The secondary objective of the trials was to perform a pooled analysis of the superiority of TLV over VAN in patients with a confirmed MRSA infection.

S. aureus was the most common pathogen isolated from the respiratory tract with approximately 60% (464 patients) MRSA. Clinical cure rates in patients who had S. aureus isolated at baseline (microbiologically evaluable population) were similar for TLV and VAN (78.1% and 75.2%, respectively), including MRSA (74.8% and 74.7%, respectively) subsets [Rubinstein et al. 2011]. The cure rate among patients with MRSA with reduced susceptibility to VAN (MIC ⩾ 10 ng/ml) was 87% in those who received TLV versus 74% in those who received VAN (95% CI 0.5–23.0).

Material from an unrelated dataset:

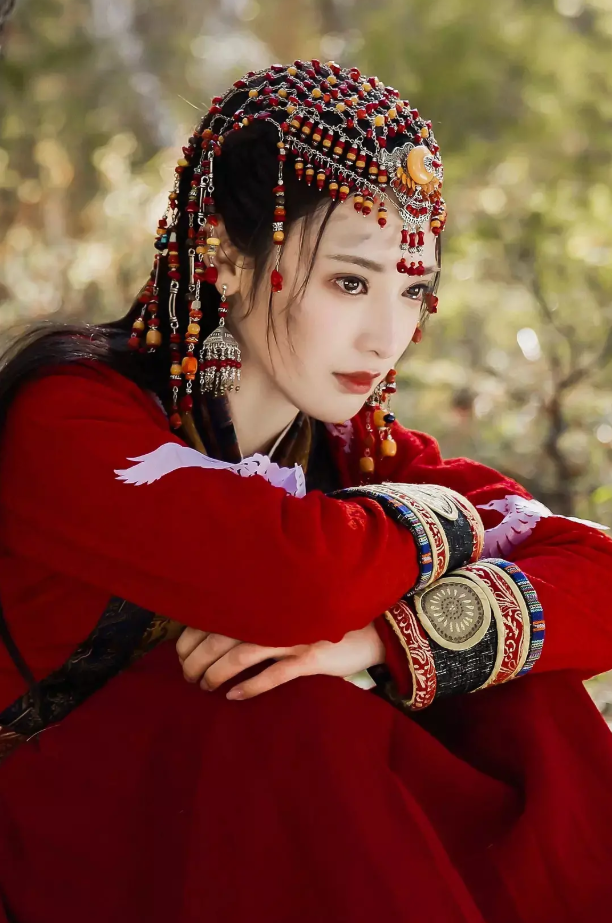 一开始以为是烂剧,越看越上头的4部古装剧,《锦衣之下》上榜!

It was observed that lower cure rates with TLV versus VAN occurred in patients with mixed (Gram-positive/Gram-negative) infections (66.2% versus 79.4%). However, in patients with mixed infections who received adequate Gram-negative coverage, cure rates were similar between the two groups [Corey et al. 2015].

Approximately 30% of the AT population in the ATTAIN studies had VAP. For VAP due to MRSA, clinical cure rates were much higher for TLV, 75.0% versus 57.6% for VAN (difference 17.8%, 95% CI −5.1% to 37.2%).

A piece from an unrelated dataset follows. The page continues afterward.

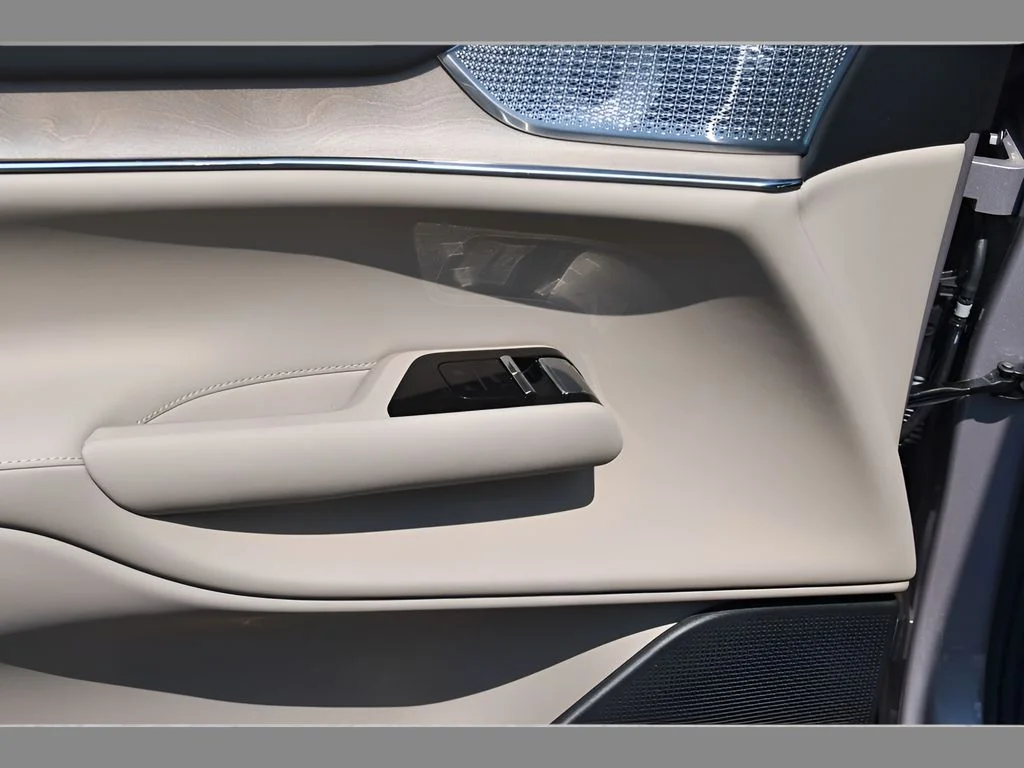 2026 Volvo EX90 Ultra - Photo 26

In addition, another post-hoc analysis of the ATTAIN study data was performed to examine the efficacy and safety of TLV for nonventilator-associated pneumonia (NV-HAP) [Rubinstein et al. 2014]. Clinical cure rates in the CE population were similar for patients with NV-HAP treated with TLV and VAN (83.1% versus 84.1%, respectively), while in the CE population of MRSA NV-HAP cure rates were 74.8% for TLV and 79.3% for VAN.

Bacteraemia is an important potential complication in HAP and may result in increased mortality [Siempos et al. 2010]. A subgroup analysis into the ATTAIN trials comparing the efficacy and safety of TLV with that of VAN in patients with HAP and S. aureus bactaeremia was performed [Stryjewski et al. 2013]. Cure rates for TLV and VAN were similar (41% versus 40%, respectively) for the 53 patients with S. aureus bacteraemic HAP, and the cure rate for MRSA infections favoured TLV (42% versus 33%), but this difference was not statistically significant.

These reports highlight the potential use of TLV as salvage monotherapy after standard therapy has failed in serious infections caused by S. aureus.

Another post-hoc analysis of the ATTAIN studies exploring the impact of TLV therapy according to the ATS/IDSA guidelines and with the primary endpoint the 28-day survival showed the noninferiority of TLV versus VAN, with similar cure rates in the ATS/IDSA-AT (59% versus 59%) and ATS/IDSA-CE (83% versus 80%) groups [Corey et al. 2014].

Only when S. aureus was the sole pathogen did cure rates favour TLV in ATS/IDSA-CE patients (86% versus 75%).

In a post-hoc analysis of data from two phase III ATTAIN trials [Torres et al. 2014], excluding those with severe renal impairment (creatinine clearance [CrCl] < 30 ml/min, including patients on haemodialysis) and patients with acute renal failure at baseline, the 28-day mortality rate in the TLV and VAN target treatment groups was similar (16.1% versus 16.9%, respectively) to the overall ATTAIN programme (20.0% versus 18.6%, respectively). Clinical cure and clinical cure plus 28-day survival rates favoured TLV over VAN in patients from whom only Gram-positive pathogens were recovered at baseline.

Safety

In clinical trials, TLV was well tolerated, with a low incidence of drug discontinuation due to adverse effects (AEs). The most common AEs that occurred in over 10% of TLV-treated patients in trials to date included taste disturbance, nausea, vomiting and foamy urine. Nephrotoxicity has been noted with TLV, with increased serum creatinine levels of up to 1.5 times baseline values reported, and was most likely to occur in older patients with underlying comorbidities that predisposed them to kidney dysfunction (e.g. pre-existing renal disease, diabetes mellitus, congestive heart failure or hypertension) or in patients receiving nephrotoxic medications.

Although the findings of the trials suggest otherwise, TLV should not be used in patients with congenital long QTc syndrome, prolongation of the QTc interval, uncompensated heart failure or severe left ventricular hypertrophy. Use of intravenous unfractionated heparin sodium is contraindicated with TLV administration because the activated partial thromboplastin time test results are expected to be artificially prolonged for 0–18 h following TLV administration [Vibativ, 2015].

In detail, in the ATTAIN trials the rates of treatment-emergent AEs leading to study discontinuation were higher in the TLV arm compared with the VAN arm (8% versus 5%). Acute renal failure was the most common AE leading to discontinuation of TLV (1.2%). Clinically significant renal function decline was also seen at a higher rate among the TLV arm compared with the VAN arm (16% versus 10%).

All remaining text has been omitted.